Collected data entries:
········

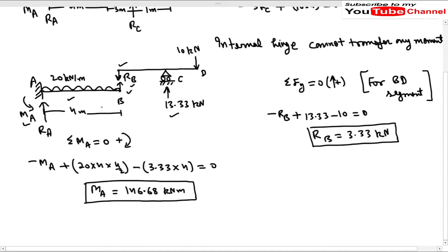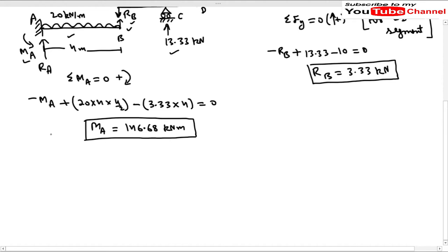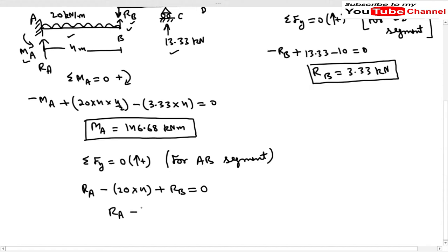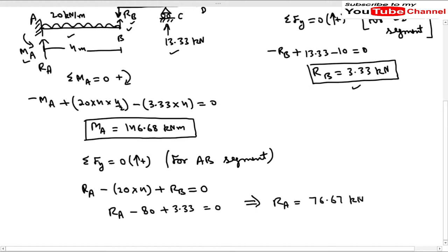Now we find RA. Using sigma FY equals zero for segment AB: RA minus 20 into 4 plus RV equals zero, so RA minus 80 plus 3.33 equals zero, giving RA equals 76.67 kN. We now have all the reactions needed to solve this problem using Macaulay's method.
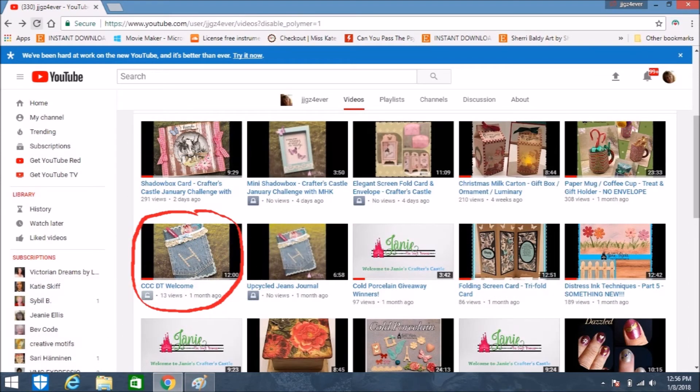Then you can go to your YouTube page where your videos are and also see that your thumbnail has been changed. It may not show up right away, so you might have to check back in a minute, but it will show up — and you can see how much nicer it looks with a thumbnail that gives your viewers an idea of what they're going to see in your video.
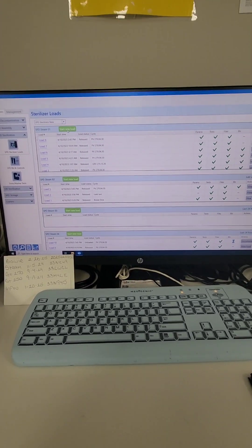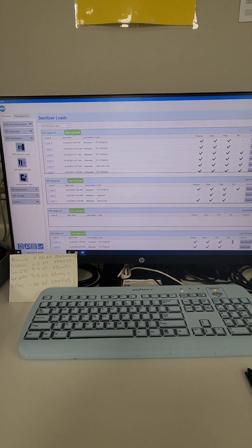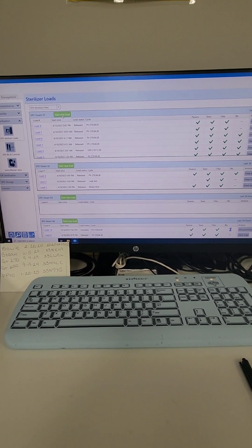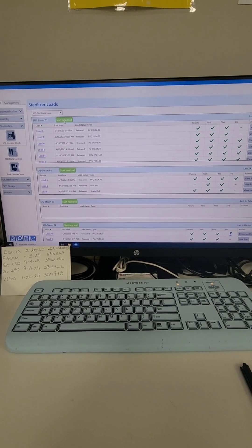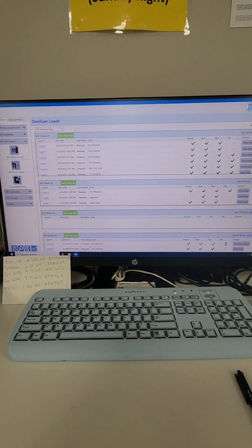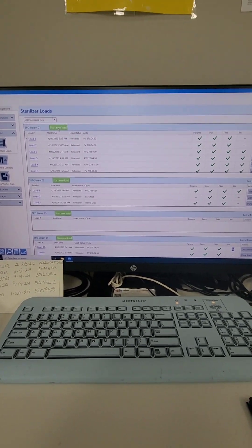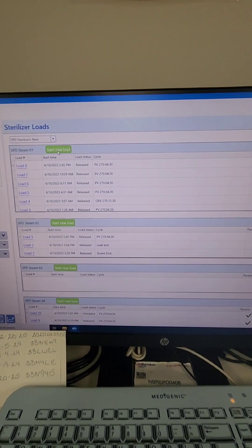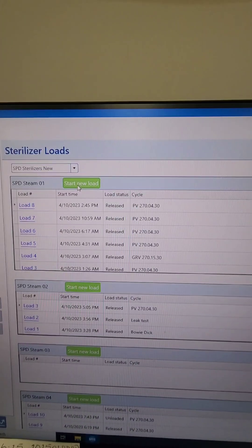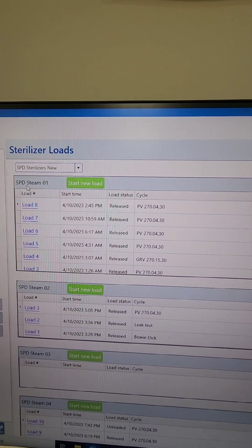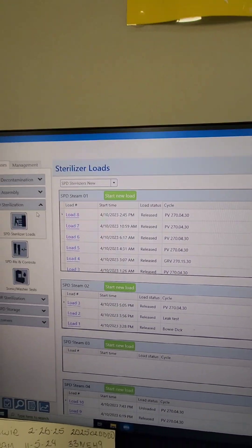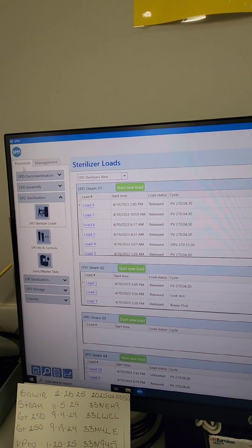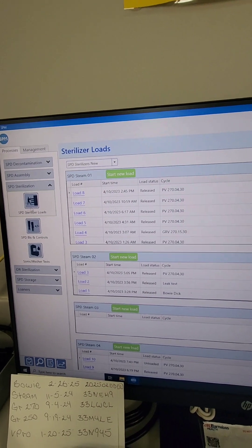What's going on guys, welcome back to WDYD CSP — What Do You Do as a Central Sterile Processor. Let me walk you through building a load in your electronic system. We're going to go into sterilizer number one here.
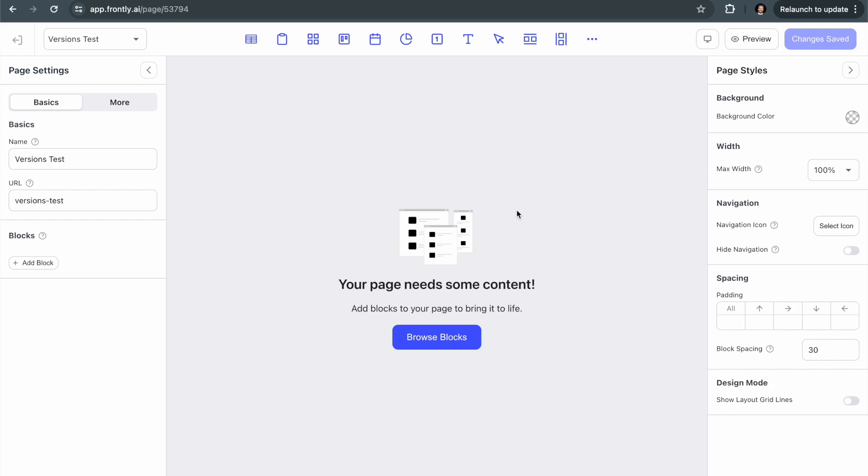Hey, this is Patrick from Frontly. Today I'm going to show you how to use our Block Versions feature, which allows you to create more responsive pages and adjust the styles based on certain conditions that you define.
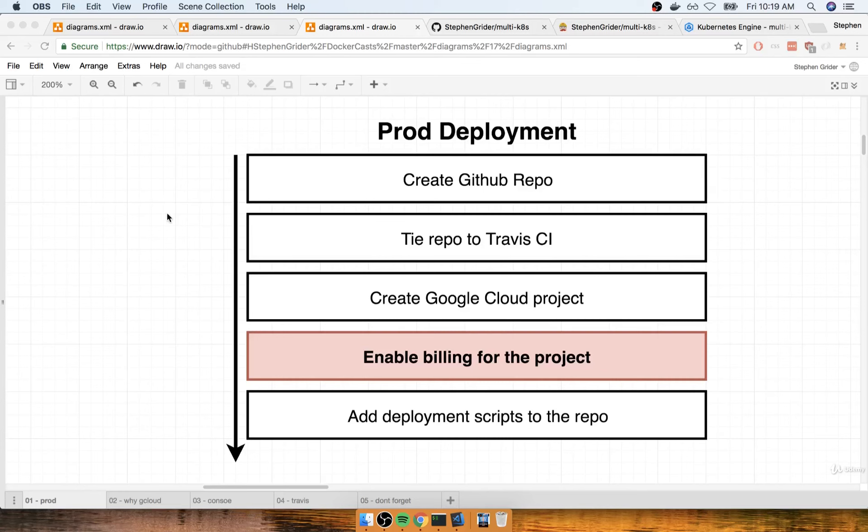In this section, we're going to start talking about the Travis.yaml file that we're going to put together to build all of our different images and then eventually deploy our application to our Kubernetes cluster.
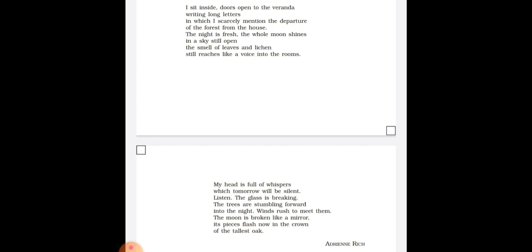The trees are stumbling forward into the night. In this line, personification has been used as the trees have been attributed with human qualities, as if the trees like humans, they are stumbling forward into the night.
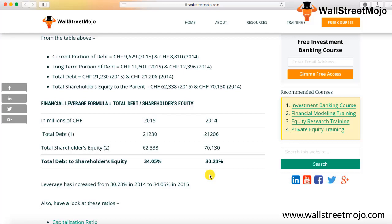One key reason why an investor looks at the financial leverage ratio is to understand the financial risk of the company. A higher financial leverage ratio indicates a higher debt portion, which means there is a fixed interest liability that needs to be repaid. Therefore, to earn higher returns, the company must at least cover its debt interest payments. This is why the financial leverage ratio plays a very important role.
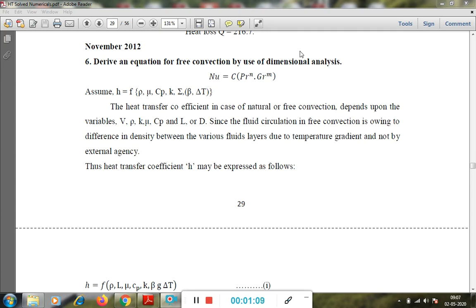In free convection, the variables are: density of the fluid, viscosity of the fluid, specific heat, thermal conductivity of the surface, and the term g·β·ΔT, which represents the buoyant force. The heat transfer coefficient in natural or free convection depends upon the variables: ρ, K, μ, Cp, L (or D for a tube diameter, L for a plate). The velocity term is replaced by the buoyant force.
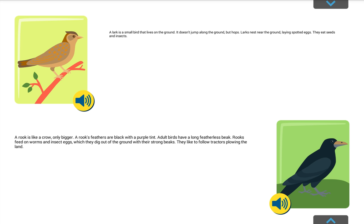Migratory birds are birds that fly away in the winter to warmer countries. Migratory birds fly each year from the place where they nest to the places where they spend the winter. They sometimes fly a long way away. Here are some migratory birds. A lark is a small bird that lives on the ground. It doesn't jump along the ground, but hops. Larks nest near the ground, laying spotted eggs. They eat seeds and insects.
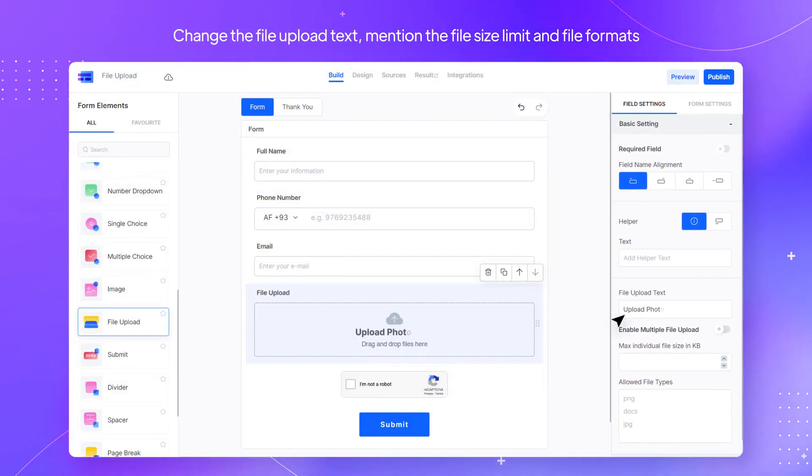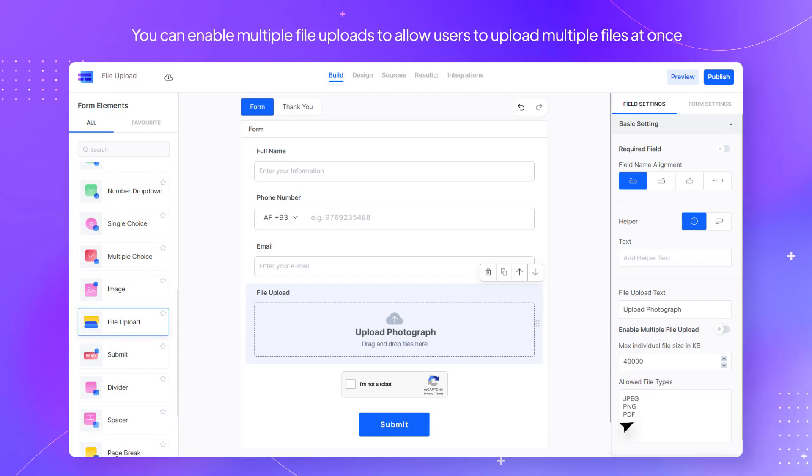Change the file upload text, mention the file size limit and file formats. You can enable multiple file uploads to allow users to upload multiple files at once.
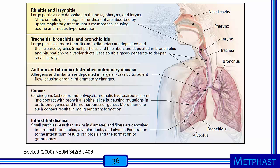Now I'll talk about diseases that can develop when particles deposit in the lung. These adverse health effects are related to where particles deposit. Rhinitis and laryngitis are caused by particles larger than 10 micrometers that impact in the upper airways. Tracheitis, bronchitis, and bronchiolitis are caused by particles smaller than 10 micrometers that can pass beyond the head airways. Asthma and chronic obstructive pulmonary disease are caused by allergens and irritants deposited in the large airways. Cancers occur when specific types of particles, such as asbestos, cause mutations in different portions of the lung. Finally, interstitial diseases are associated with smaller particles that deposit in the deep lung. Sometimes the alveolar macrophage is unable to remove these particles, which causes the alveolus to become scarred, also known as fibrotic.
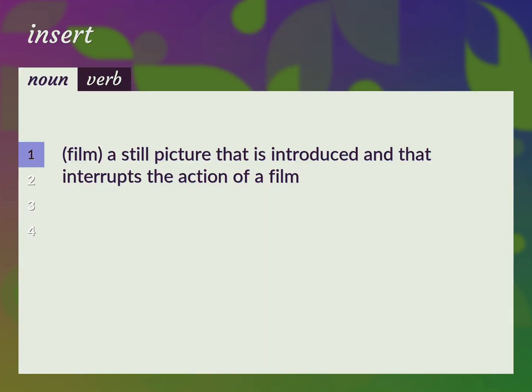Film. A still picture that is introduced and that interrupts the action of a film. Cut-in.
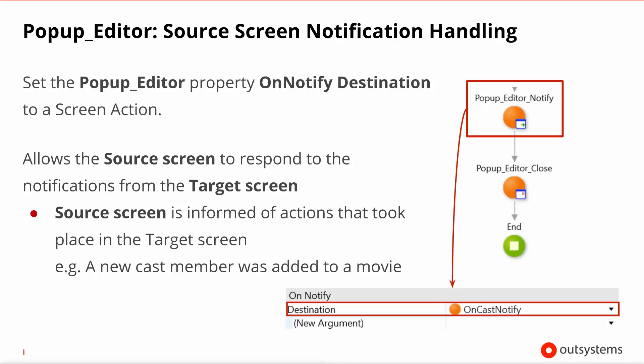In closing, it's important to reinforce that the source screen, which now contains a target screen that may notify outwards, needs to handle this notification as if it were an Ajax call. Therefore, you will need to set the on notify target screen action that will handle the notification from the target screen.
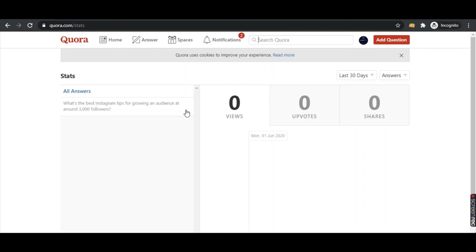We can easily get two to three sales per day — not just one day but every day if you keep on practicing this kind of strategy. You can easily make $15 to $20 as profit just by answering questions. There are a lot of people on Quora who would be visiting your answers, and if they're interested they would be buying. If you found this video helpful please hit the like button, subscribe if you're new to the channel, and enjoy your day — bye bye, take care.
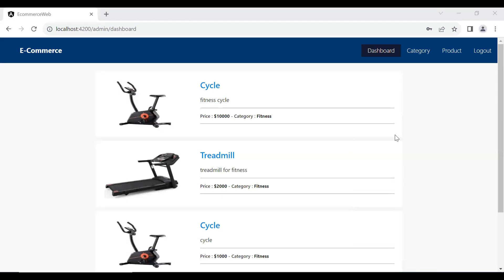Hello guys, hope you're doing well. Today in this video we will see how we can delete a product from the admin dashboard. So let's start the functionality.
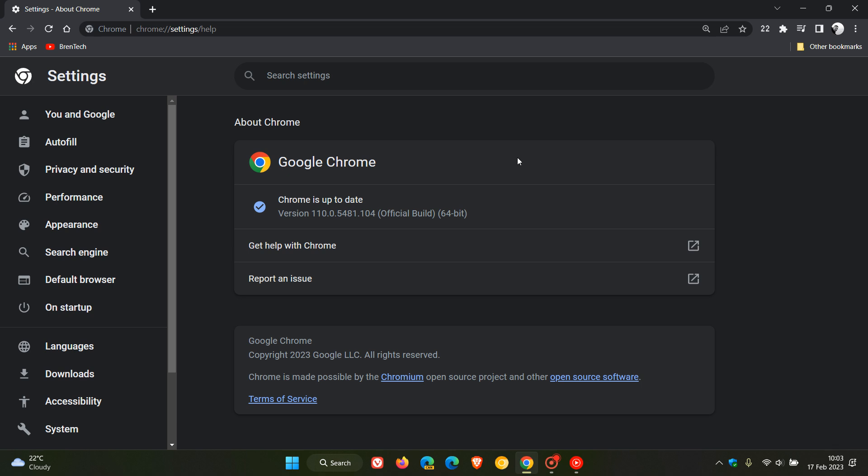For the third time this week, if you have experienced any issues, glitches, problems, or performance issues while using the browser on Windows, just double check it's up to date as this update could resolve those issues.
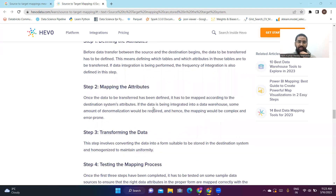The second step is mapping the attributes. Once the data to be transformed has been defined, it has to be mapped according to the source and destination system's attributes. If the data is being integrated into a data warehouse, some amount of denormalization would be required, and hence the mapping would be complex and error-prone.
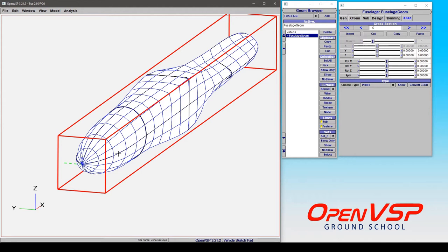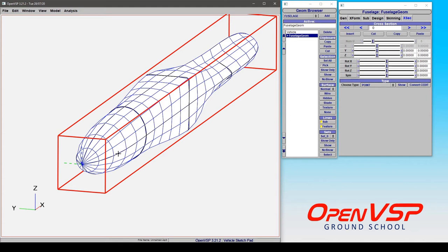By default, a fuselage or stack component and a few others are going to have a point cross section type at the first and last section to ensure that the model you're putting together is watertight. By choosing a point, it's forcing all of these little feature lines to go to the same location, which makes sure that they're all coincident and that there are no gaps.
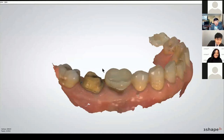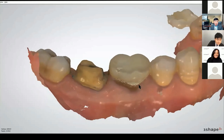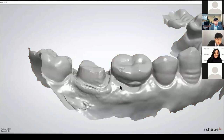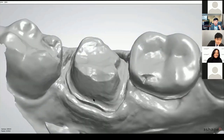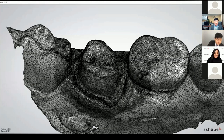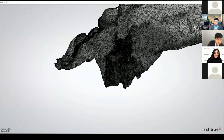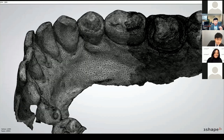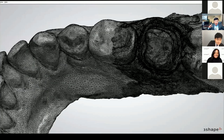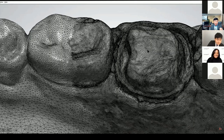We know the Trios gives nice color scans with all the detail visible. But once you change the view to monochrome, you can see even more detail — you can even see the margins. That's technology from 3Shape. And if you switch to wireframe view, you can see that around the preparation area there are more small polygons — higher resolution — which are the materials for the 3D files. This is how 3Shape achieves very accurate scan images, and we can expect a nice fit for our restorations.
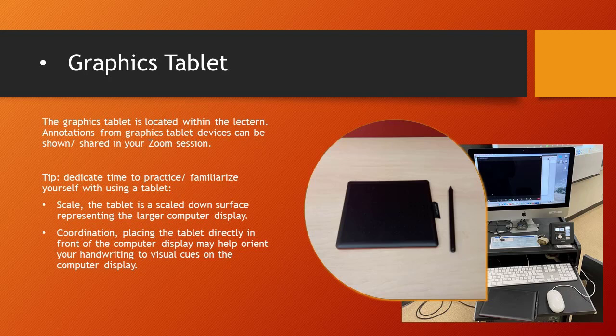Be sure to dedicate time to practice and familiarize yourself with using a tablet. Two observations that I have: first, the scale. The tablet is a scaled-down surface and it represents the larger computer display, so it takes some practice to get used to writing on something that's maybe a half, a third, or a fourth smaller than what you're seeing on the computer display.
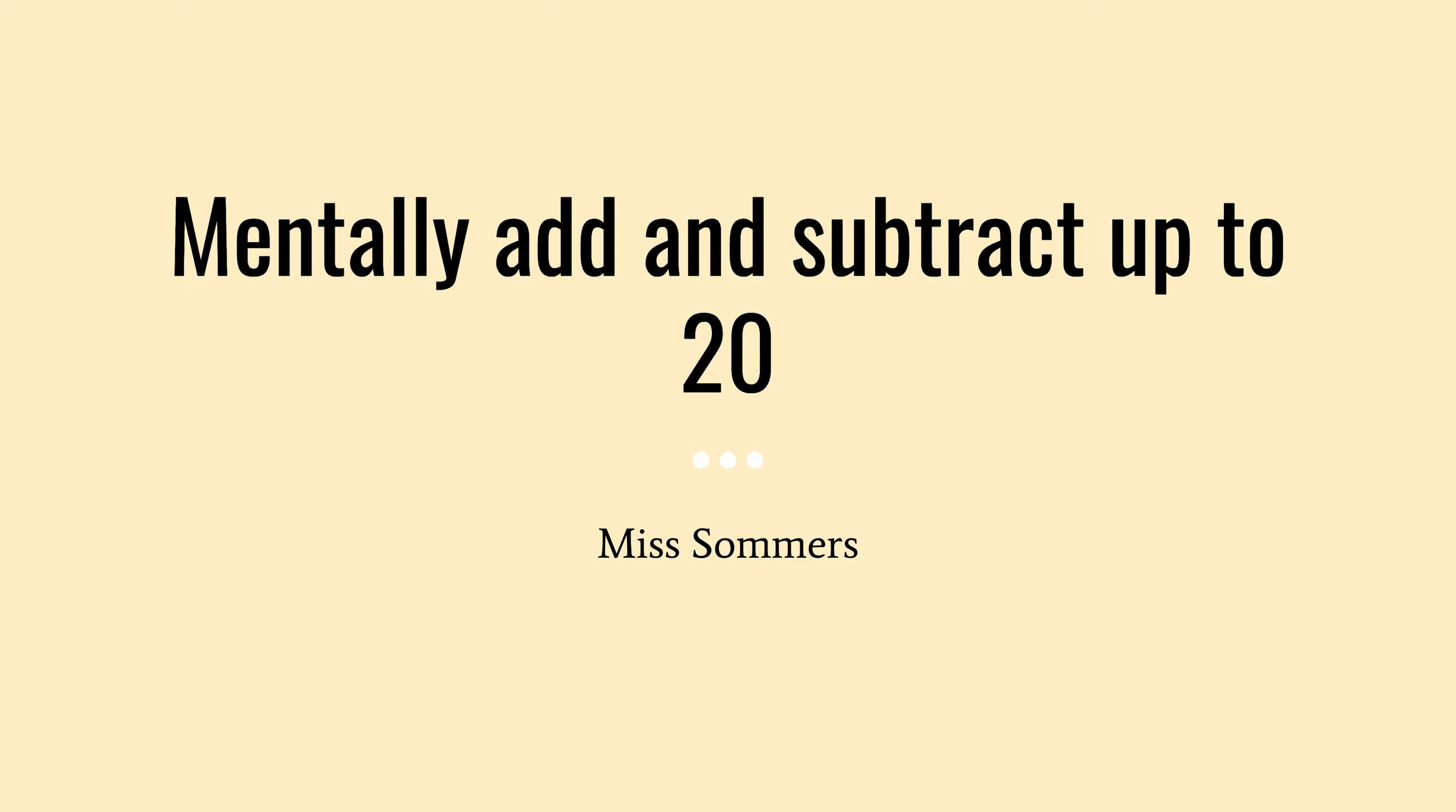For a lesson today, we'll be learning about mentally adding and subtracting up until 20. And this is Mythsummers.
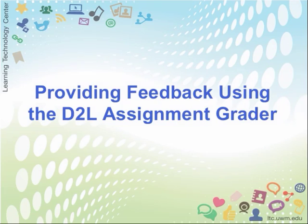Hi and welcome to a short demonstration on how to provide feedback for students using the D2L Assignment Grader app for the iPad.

········

• What the exercise asks: Among the entries above, find the line with "For the third" and repeat exactly from there through the line with "We know the", leaving out the pictures.

• Reply:
For the third time this week, if you have experienced any issues, glitches, problems, or performance issues while using the browser on Windows, just double check it's up to date as this update could resolve those issues.
The second step is mapping the attributes. Once the data to be transformed has been defined, it has to be mapped according to the source and destination system's attributes. If the data is being integrated into a data warehouse, some amount of denormalization would be required, and hence the mapping would be complex and error-prone.
By default, a fuselage or stack component and a few others are going to have a point cross section type at the first and last section to ensure that the model you're putting together is watertight. By choosing a point, it's forcing all of these little feature lines to go to the same location, which makes sure that they're all coincident and that there are no gaps.
We know the Trios gives nice color scans with all the detail visible. But once you change the view to monochrome, you can see even more detail — you can even see the margins. That's technology from 3Shape. And if you switch to wireframe view, you can see that around the preparation area there are more small polygons — higher resolution — which are the materials for the 3D files. This is how 3Shape achieves very accurate scan images, and we can expect a nice fit for our restorations.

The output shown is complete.